------------------------------------------------------------------------------
NVIDIA CUDA Profiler Tools Interface (CUPTI)
Release Notes
CUDA Toolkit 4.1
------------------------------------------------------------------------------

FILES IN THE RELEASE:
--------------------
* <cupti_dir>/include  : Contains CUPTI header files

* <cupti_dir>/lib*     : Contains CUPTI library

* <cupti_dir>/sample   : Contains samples showing use of the CUPTI APIs

* <cupti_dir>/doc      : Contains the CUPTI release notes and User's Guide.


SUPPORTED DISTRIBUTIONS
-----------------------
CUPTI is supported on all platforms for which CUDA Toolkit is supported.


SYSTEM REQUIREMENTS
-------------------
. CUDA-enabled GPU
  See http://www.nvidia.com/object/cuda_learn_products.html

. NVIDIA Display Driver

. NVIDIA CUDA Toolkit


INSTALLATION AND SETUP
---------------------
1) Install the NVIDIA display driver

2) Install the NVIDIA CUDA Toolkit

This will install CUPTI into <cuda_dir>/extras/CUPTI (<cuda_dir>
is specified during Toolkit install).


COMPILING AND RUNNING CUPTI SAMPLES
----------------------------------- 
On Windows, the compiling and running CUPTI samples using the included
Makefiles requires the Cygwin environment.

To compile:
 > cd <cupti_dir>/sample/<sample>
 > make

To run the sample:
 > make run


INCOMPATIBLE CHANGES FROM CUPTI 4.0
-----------------------------------
A number of non-backward compatible API changes are made in 4.1. These
changes require minor source modifications to existing code compiled
against CUPTI 4.0. In addition, some previously incorrect and
undefined behavior is now prevented by improved error checking. Your
code may need to be modified to handle these new error cases.

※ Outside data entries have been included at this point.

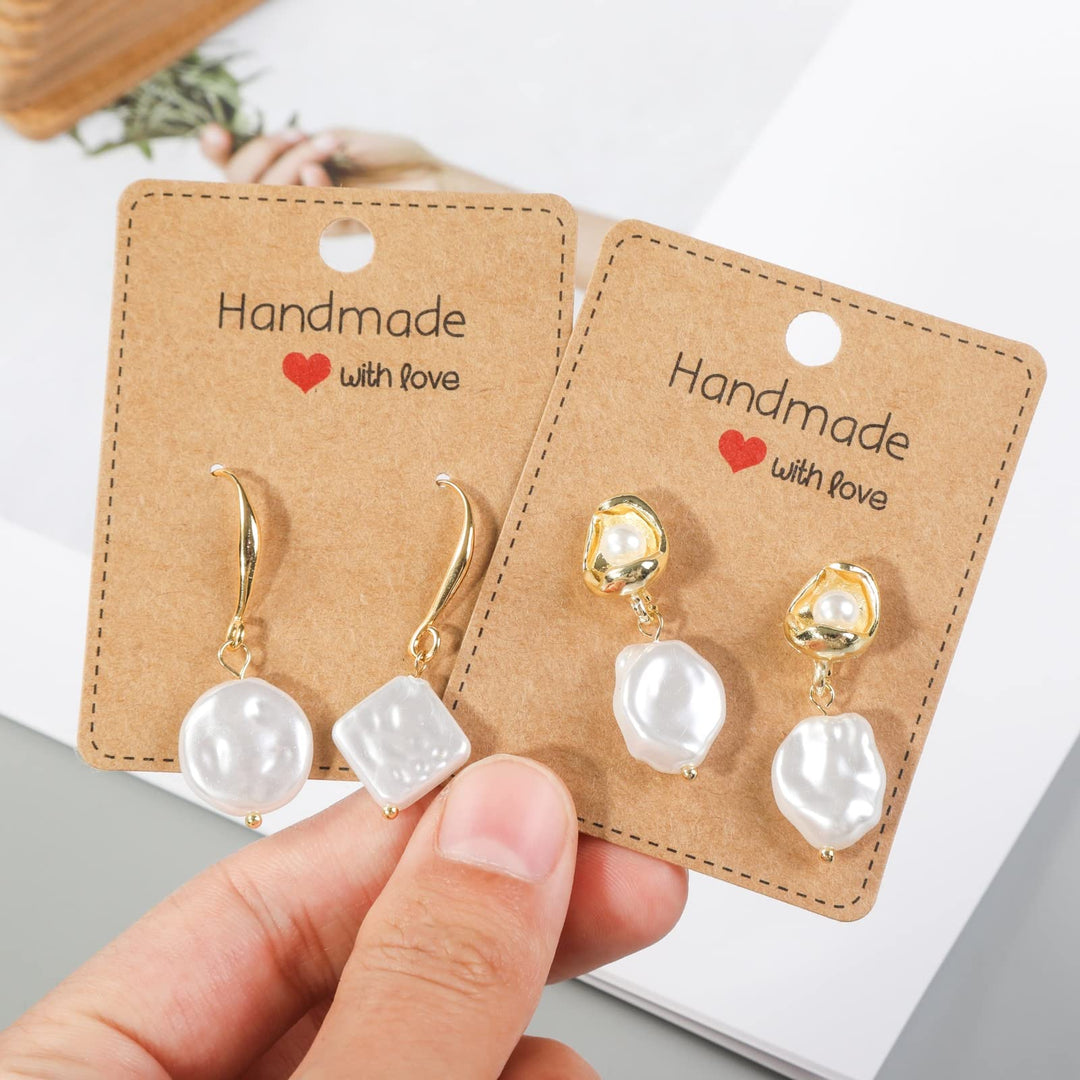 150 Pack Earring Cards for Jewelry Packaging DIY Earrings Holder Display Card with Bag for Studs Selling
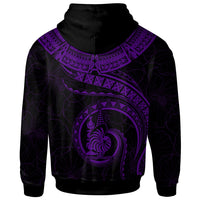 New Caledonia Polynesian Zip up Hoodie New Caledonia Waves (Purple) - Polynesian Pride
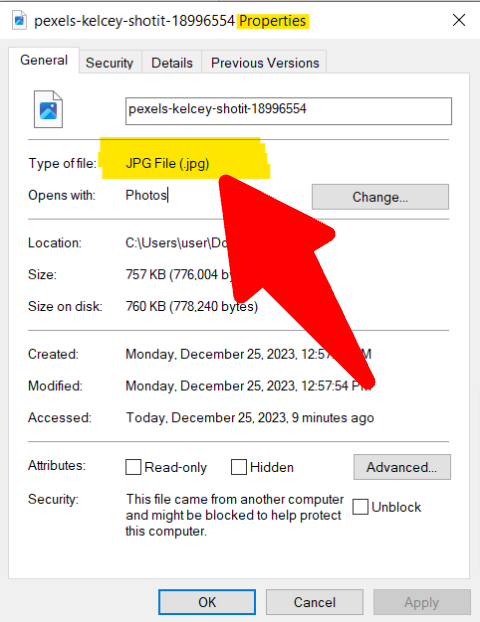 Image Format on Windows.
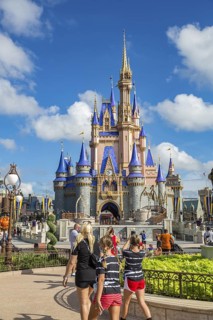 Cinderella's Castle at the end of Main Street in the Magic Kingdom at Walt Disney World, Orlando,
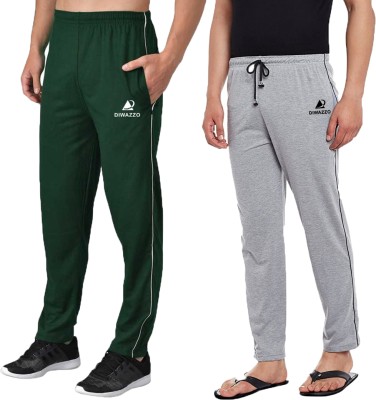 Diwazzo Solid Men Grey, Dark Green Track Pants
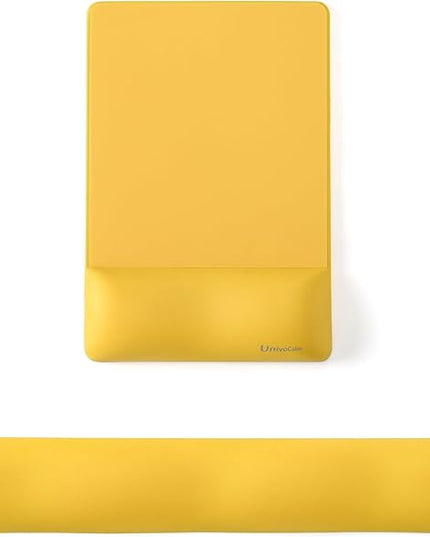 UnivoColors Design-Wave Set of Keyboad Wrist Rest & Mouce Pad,Artificial Sheepskin+Memory Foam+Ergonomic+Anti-Slip Gel, Resilience Support During Work and Gaming,Keyboard Accessory,Yellow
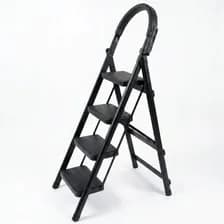 Escalera De Aluminio Plegable 4 Escalones Dyvan Negro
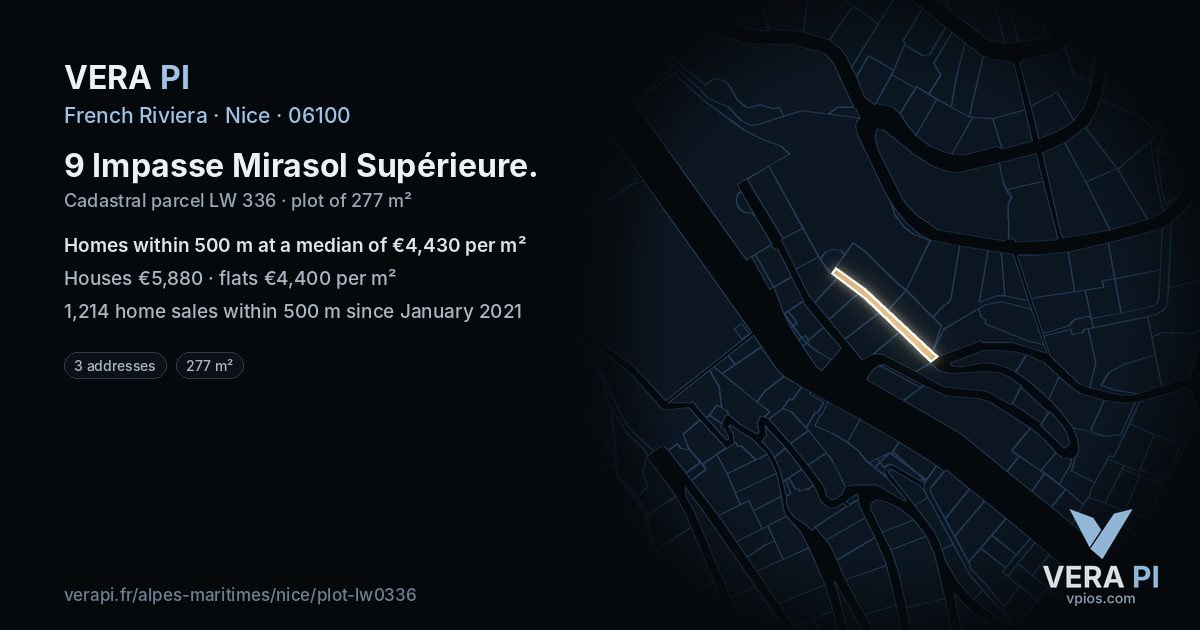 9 Impasse Mirasol Supérieure, Nice at night – the plot lit, the parcels around coloured by the prices near them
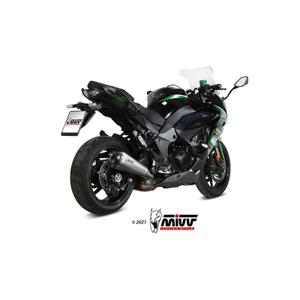 Schalldämpfer aus gebürstetem Edelstahl/Karbon Mivv Delta Race - Kawasaki Ninja 1000 Sx image-2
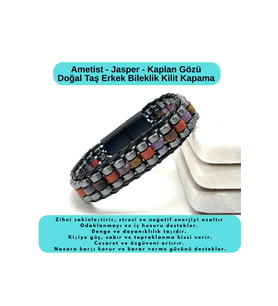 SERTİFİKALI Ametist Jasper Kaplan Gözü Disk Model Doğal Taş Bileklik Mıknatıslı Kilit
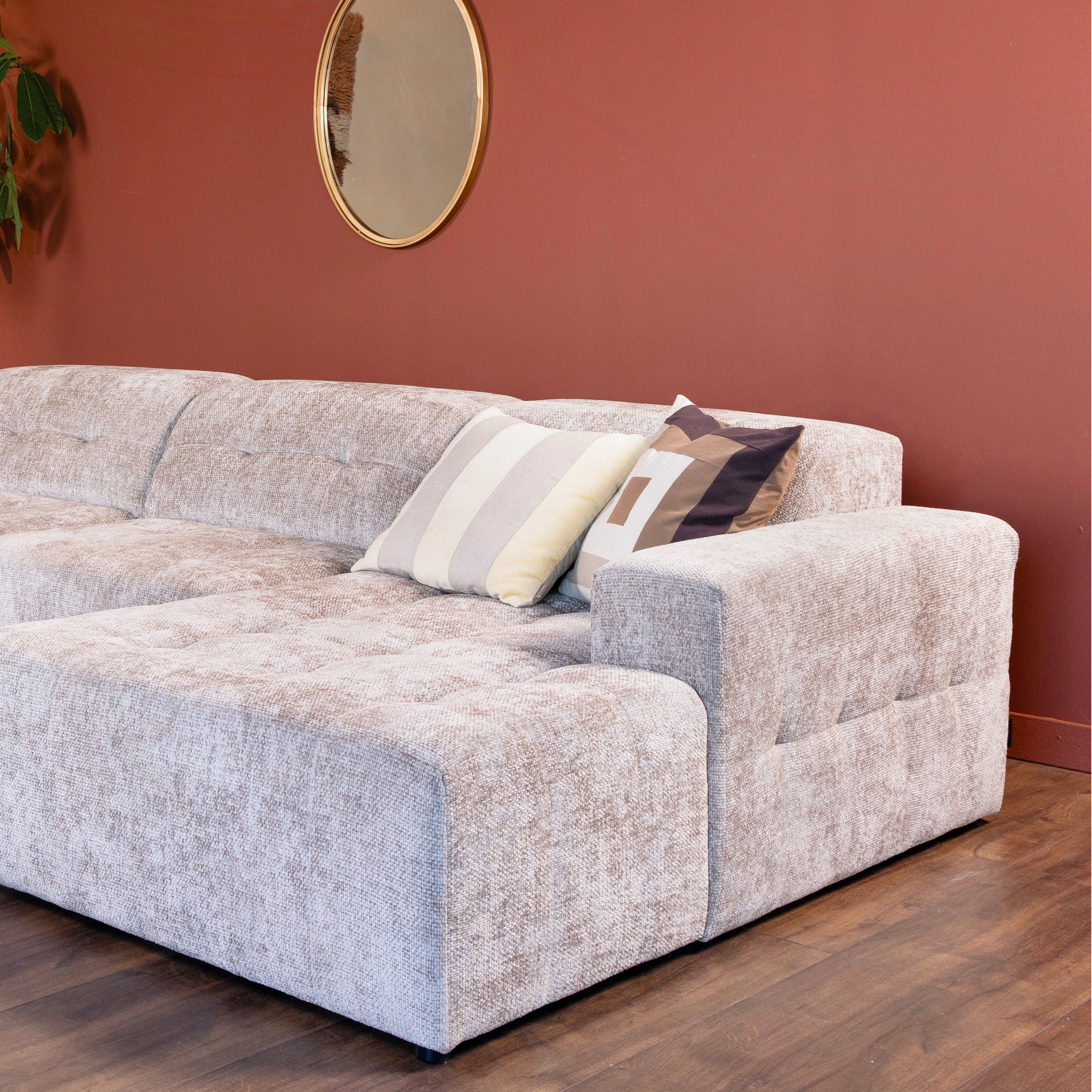 Cosmopolitan Design Chicago U-bank - Hoek Links - Chenille - Lichtbeige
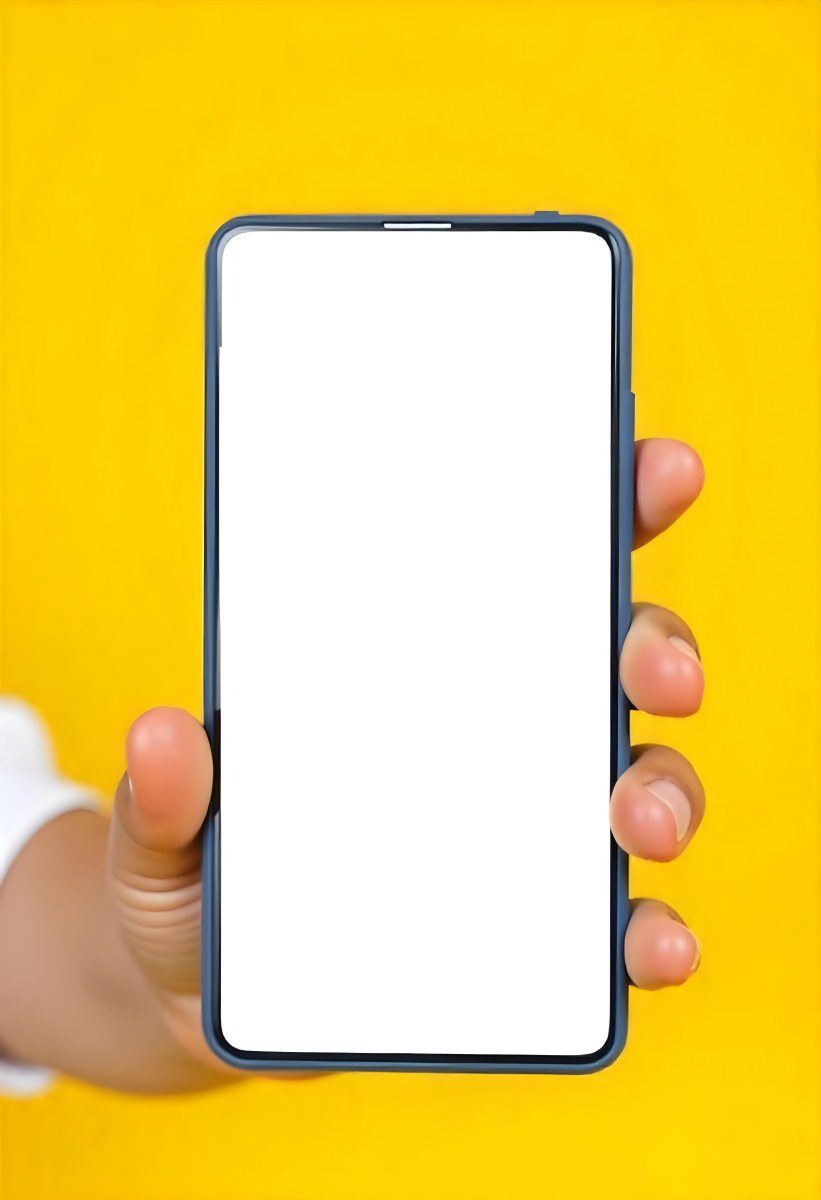 A Yellow Hand Holding A Smartphone
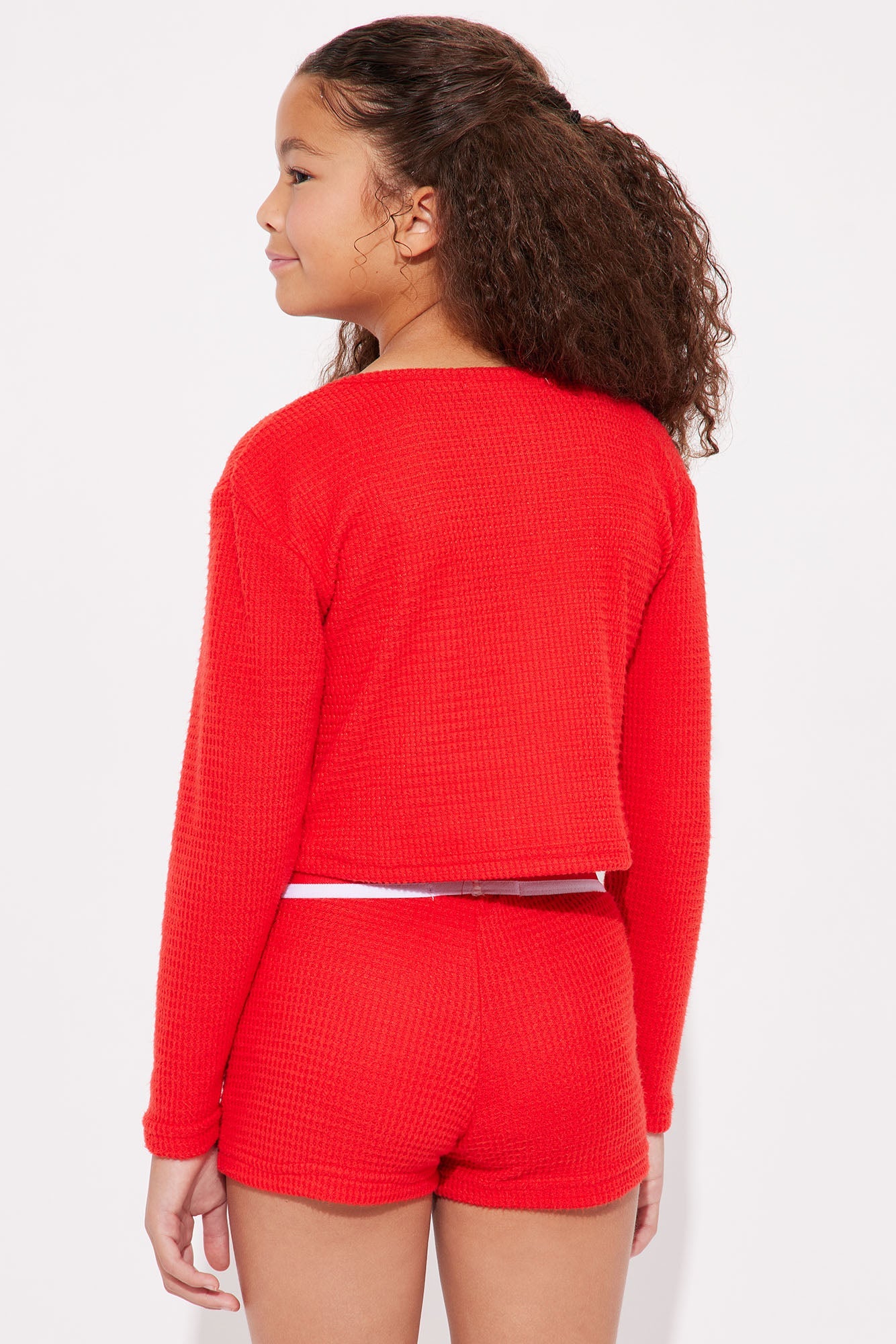 Mini Staying Cozy Waffle Short Set - Red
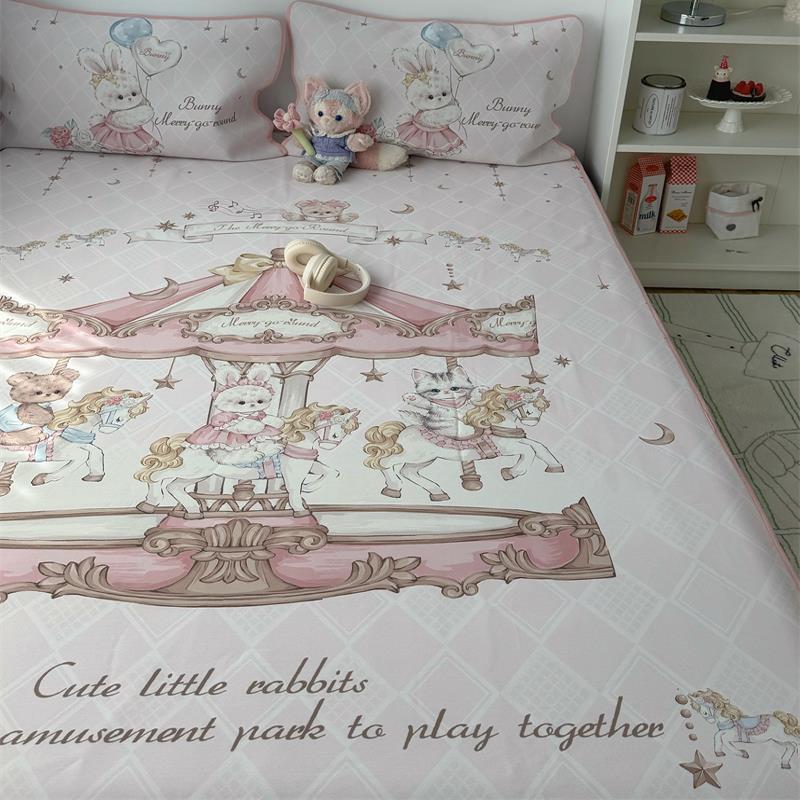 梨梦 可爱lolita冰丝凉席三件凉感少女心夏季单人学生宿舍床笠款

- Multiple CUPTI subscribers are not allowed. In 4.0, cuptiSubscribe()
  could be used to enable multiple subscriber callback functions to be
  active at the same time. When multiple callback functions were
  subscribed, invocation of those callbacks did not respect the domain
  registration for those callback functions. In 4.1, cuptiSubscribe()
  returns CUPTI_ERROR_MAX_LIMIT_REACHED if there is already an active
  subscriber.

- The CUpti_EventID values for tesla devices have changed in 4.1 to
  make all CUpti_EventID values unique across all devices. Going
  forward CUpti_EventID values will be added for new devices and
  events, but existing values will not be changed. If your application
  has stored CUpti_EventID values (for example, as part of the data
  collected for a profiling session), those CUpti_EventIDs must be
  translated to the new ID values before being used in 4.1 APIs.

- In enumeration CUpti_EventDomainAttribute,
  CUPTI_EVENT_DOMAIN_MAX_EVENTS has been removed. The number of events
  in an event domain can be retrieved with
  cuptiEventDomainGetNumEvents().

- cuptiDeviceGetAttribute(), cuptiEventGroupGetAttribute() and
  cuptiEventGroupSetAttribute() now take a size parameter and the
  'value' parameter now has type 'void *'.

- cuptiEventDomainGetAttribute() no longer takes a CUdevice
  parameter. This function is now used to get event domain attributes
  that are device independent. A new function
  cuptiDeviceGetEventDomainAttribute() is added to get event domain
  attributes that are device dependent.

- cuptiEventDomainGetNumEvents(), cuptiEventDomainEnumEvents() and
  cuptiEventGetAttribute() no longer take a CUdevice parameter.

- The contextUid field of the CUpti_CallbackData structure has been
  changed from type uint64_t to type uint32_t.


KNOWN ISSUES
------------

- CUPTI activity record collection must be initialized before any CUDA
  function is invoked. If not, activity collection may be incomplete
  or entirely disabled. Make sure that some CUPTI activity API (such
  as cuptiActivityEnable()) is called before the first CUDA driver or
  runtime function.